The implications of new regulations arising from the financial crisis continue to trouble banks the world over, according to the Temenos Community Survey. This is one of the key findings of the survey, conducted to understand global banking challenges, investment priorities and industry trends.
Gauging opinion from 190 banking executives across a range of banking sectors in 71 countries, the research confirmed that the impact of regulation remains the biggest challenge facing banks today, with 24% of respondents citing this as their primary concern. This finding is consistent with 2010 results, when 29% of respondents cited this as their biggest challenge and reflects concern over the impact that new regulation, such as Basel III, is likely to have on their businesses.
Other threats have continued to grow in importance among bankers this year. Twenty-three percent of banks cited customer retention as their biggest challenge, up from 17% in 2010, as banks come to appreciate that customers are becoming less loyal, more discerning and have more alternatives than in the past. The challenge of retaining their best customers is felt most by private banks (30%) and larger banks (31%). This concern about customer retention is shared consistently across all markets.

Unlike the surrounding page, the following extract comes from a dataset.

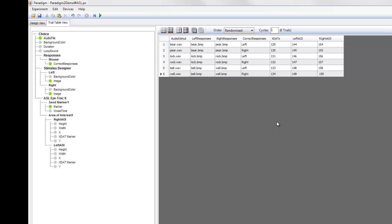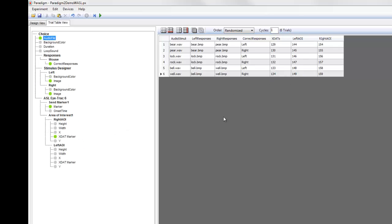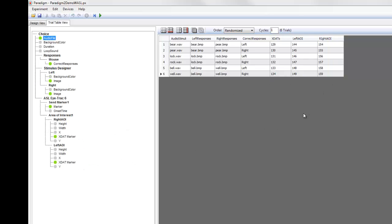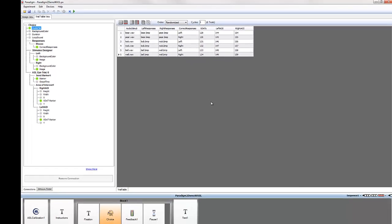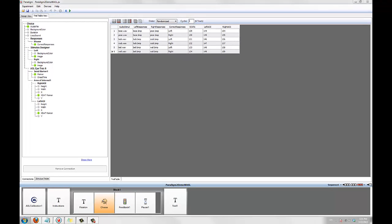And then create a connection between the x-stat marker properties of the right AOI and left AOI, and these two columns. So now we'll see a unique set of x-stats appear for each trial's detected fixations. Also note that you can change the location and size of the AOI for each trial using connections as well. So that allows you to create dynamic AOIs that vary with each trial.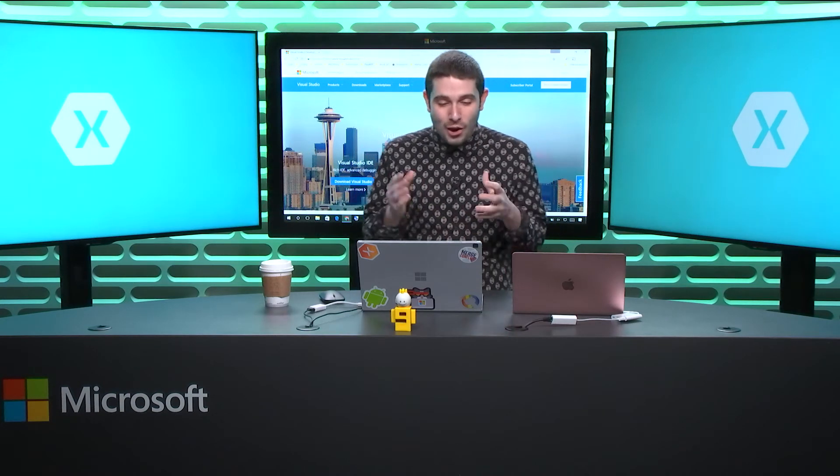Welcome back everyone to the Xamarin Show, Snack Pack Edition. Today, I'm going to show you how to set up your Windows machine with Visual Studio 2017 for Xamarin. All right, so let's just get into it.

Competition is also increasingly seen as a threat, with 18% of respondents citing it as the biggest threat facing the industry, compared to only 12% in 2010. The biggest perceived threats come from new entrants (mentioned by 30% of respondents), existing large incumbents (19%), overseas entrants (18%) and peer-to-peer services (15%).
The results also illustrate how banks’ perception of their biggest challenges is influencing corporate investment priorities. Banks named their top three investment areas as being: new products and services, IT and improving risk management. Looking at IT investment specifically, banks are making available more money, with 64% confirming that budgets were up on the previous year (compared to 53% in 2010), and 26% citing that these were significantly higher. The biggest budget rises were seen in the retail and wholesale segments and Tier 1 and 2 banks and, as in prior years, the biggest areas of focus are: core banking renewal, risk management and business intelligence.

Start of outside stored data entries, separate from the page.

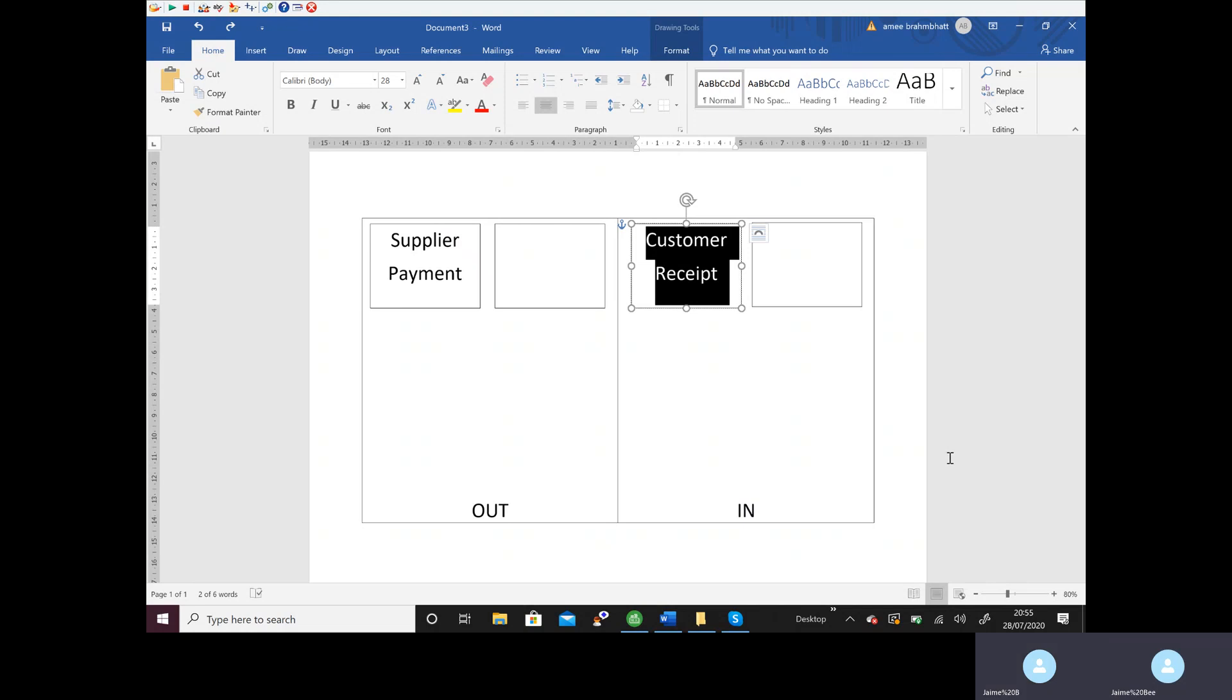So for example, if we were paying money out, maybe to HMRC, we can't click Supplier Payment because that's only for our suppliers. We can only pay the suppliers that we created with an account number, name, and address, and we never created any account number or account for HMRC.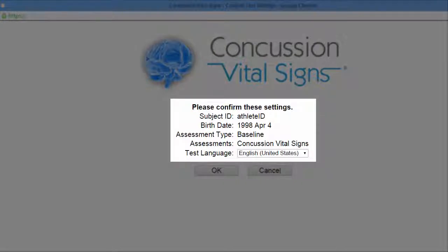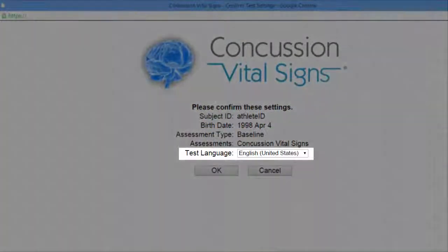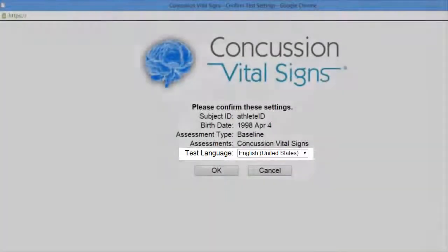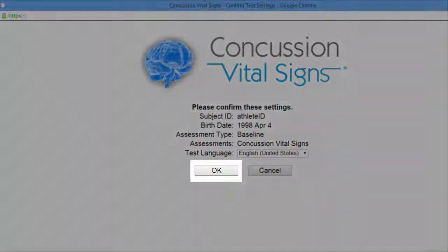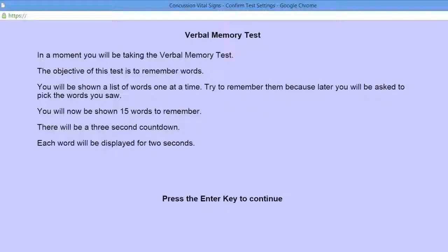You'll get the ID, the date of birth, as well as whether it's a baseline. You do have an option of changing from English to Spanish. Make sure the athlete is ready to begin the test and click OK — the test will begin.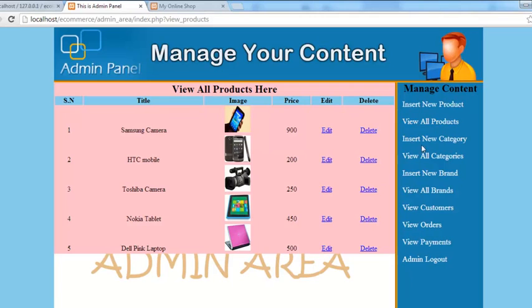That's done. This was the easier part. In the next video we will come back and work on insert new category. We will create a form and through that we will insert categories directly from this admin panel. Stay tuned.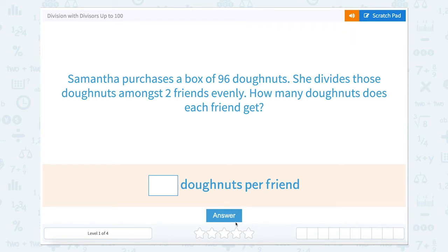Division with divisors up to 100. Samantha purchases a box of 96 doughnuts. She divides those doughnuts amongst two friends evenly. How many doughnuts does each friend get?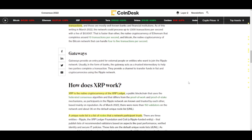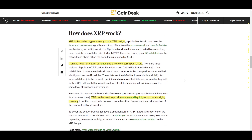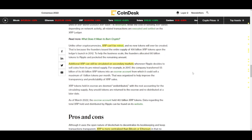XRP is the native cryptocurrency of the XRP Ledger, a public blockchain that uses the federated consensus algorithm. This differs from proof-of-work and proof-of-stake mechanisms, as participants in the Ripple network are known and trusted by each other, based mainly on reputation. There is also a unique node list — a list of nodes that network participants trust. XRP can be used to provide on-demand liquidity or act as a bridging currency to settle cross-border transactions in less than five seconds and at a fraction of the cost of traditional transfers. Notably, XRP cannot be mined and no new tokens will ever be created, because the founders issued the entire supply of 100 billion XRP tokens upon the ledger's launch in 2012.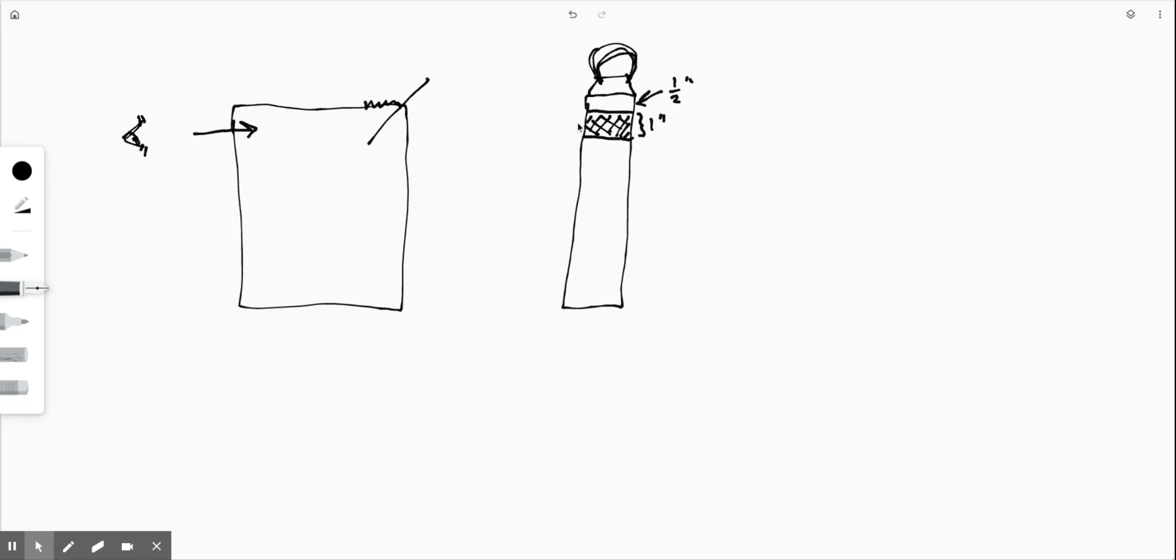And the tip is that you can poke a hole in the side of the box with a pen or something. And then gradually cut your way around to get that opening.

Ben Robinson, director of strategic planning, Temenos, said: “The fact that banks are unsettled by new regulations is not surprising given these are likely to weigh significantly on profitability and that their full effect and scope is still being determined. What is perhaps more interesting is the much greater collective concern about competition and customer retention compared with 12 months ago.

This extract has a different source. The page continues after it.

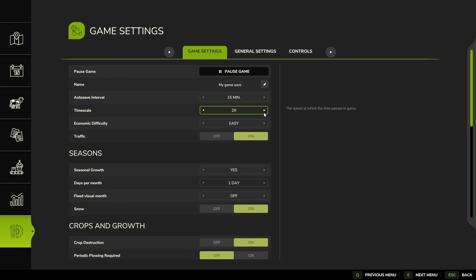I go ahead and just click it and then we got times 2, times 3, times 5, times 6, times 10, times 15. How far does it go? Times 360.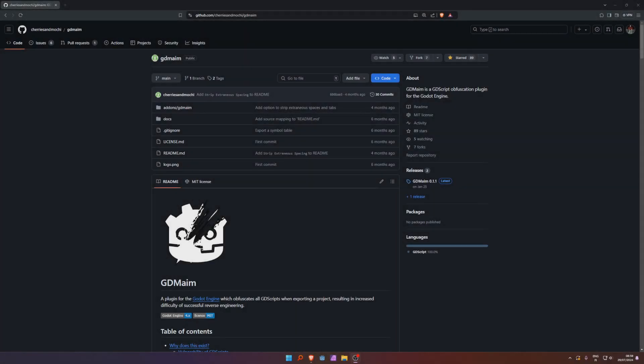Hello, today I'm showing you how to use this Godot plugin called GD-Main. It's used to obfuscate your code when you export your project.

“This research suggests that, in an era of depressed margins, banks are worried about losing their best customers to competitors who can serve them better and their remaining customers to competitors who can service them more cheaply. In response, it is logical that banks should be planning to spend more on core banking software, as this is the most fundamental way for them to lower IT and back office processing costs, while generating the consolidated view of the business that will allow for better risk management and higher revenues,” he added.